Latest version of the scheme is back in with planners for approval
Gardiner & Theobald (G&T) has picked up the project manager role on the £1bn redevelopment of grade II-listed Whiteleys shopping centre in west London.
The firm has been appointed as the Foster + Partners-designed scheme awaits a third decision from planners at Westminster city council after being rejigged again.
The redevelopment – a joint venture between a Meyer Bergman-advised fund and Warrior Group – will see the 1980s shopping centre behind the historic 1911 Queensway façade in Bayswater demolished to make way for a residential and hotel mixed-use development.
Planners originally gave the go-ahead in March 2016 to turn the shopping centre into 103 flats and a boutique hotel, along with shops, a gym, underground cinema and a crèche, despite objections from heritage campaigners such as Historic England, Save Britain’s Heritage and the Victorian Society.
But the scheme was then amended to reduce its bulk and increase the number of flats by a quarter to 129, and resubmitted for planning approval, which it won last May.
Now the developers want to reduce the number of homes at the 1.4ha scheme by 16 after revising the mix of units again to increase the proportion of family-sized homes with additional townhouses on the south western side of the site.
“These amendments have been developed in response to changing markets associated with the residential provision, in addition to a re-assessment of a viable quantum and arrangement of retail floorspace in response to operator demands, and a desire to reduce the basement level excavation and rationalise the basement level arrangements,” planners Turley on behalf of Meyer Bergman and Warrior group said in the planning application.
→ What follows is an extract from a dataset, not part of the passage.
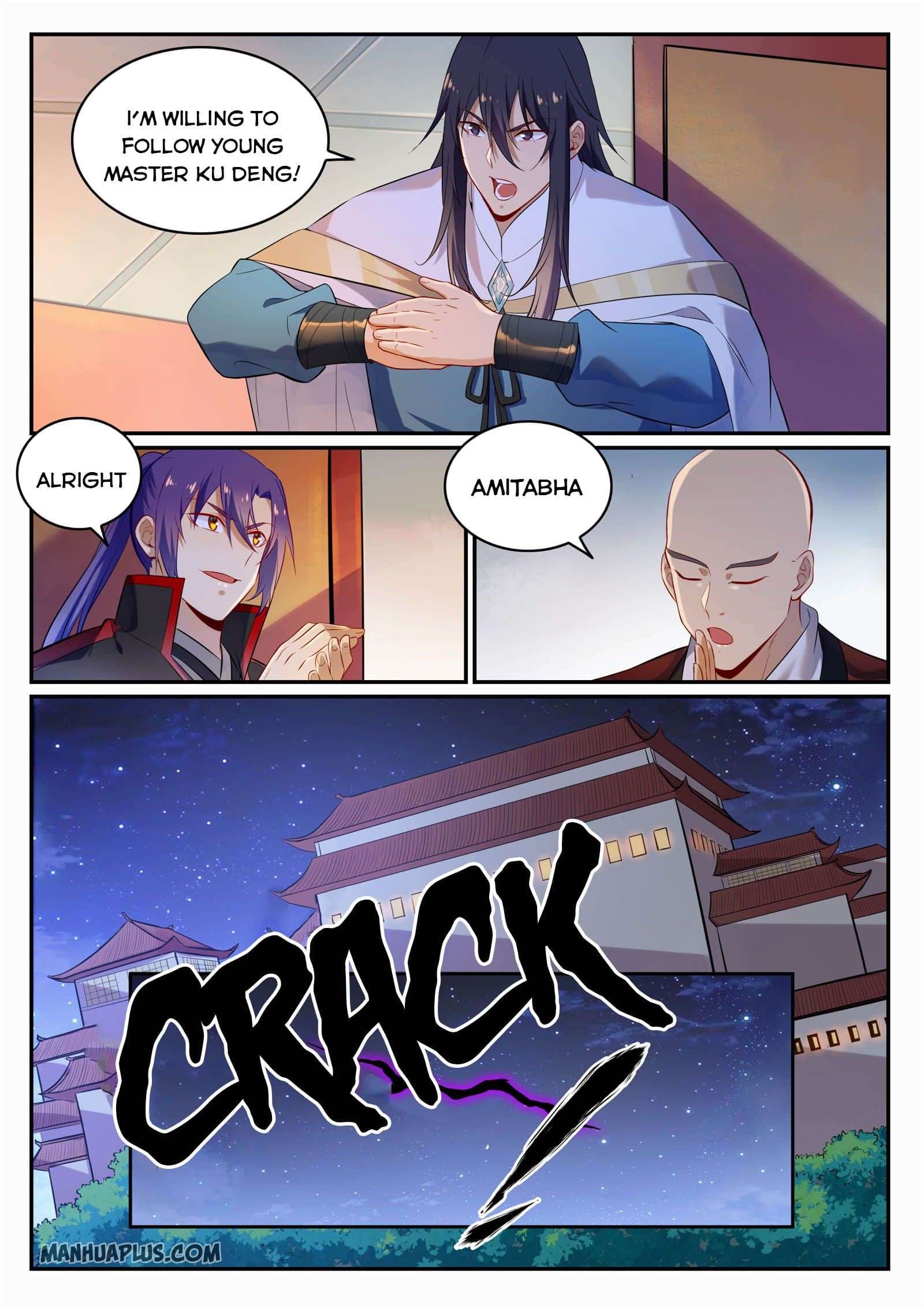 Chapter image 4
In addition, the crèche is to be reduced in size as the operator lined up for the facility is now not taking up the space, making it “unviable” in its current form, Turley added.
The number of rooms at the hotel is also to be increased by eight to 50, while the cinema will be relocated from the third basement level to the first.
The latest plan also includes relocating 36 public car parking spaces to a neighbouring site owned by the developers at 114-150 Queensway and 97-113 Inverness Terrace.
The wider project team on the scheme includes Alinea as QS, AKT II as the civil and structural engineer and WSP as the traffic and waste engineer.
Meyer Bergman declined to comment. G&T has been contacted for comment.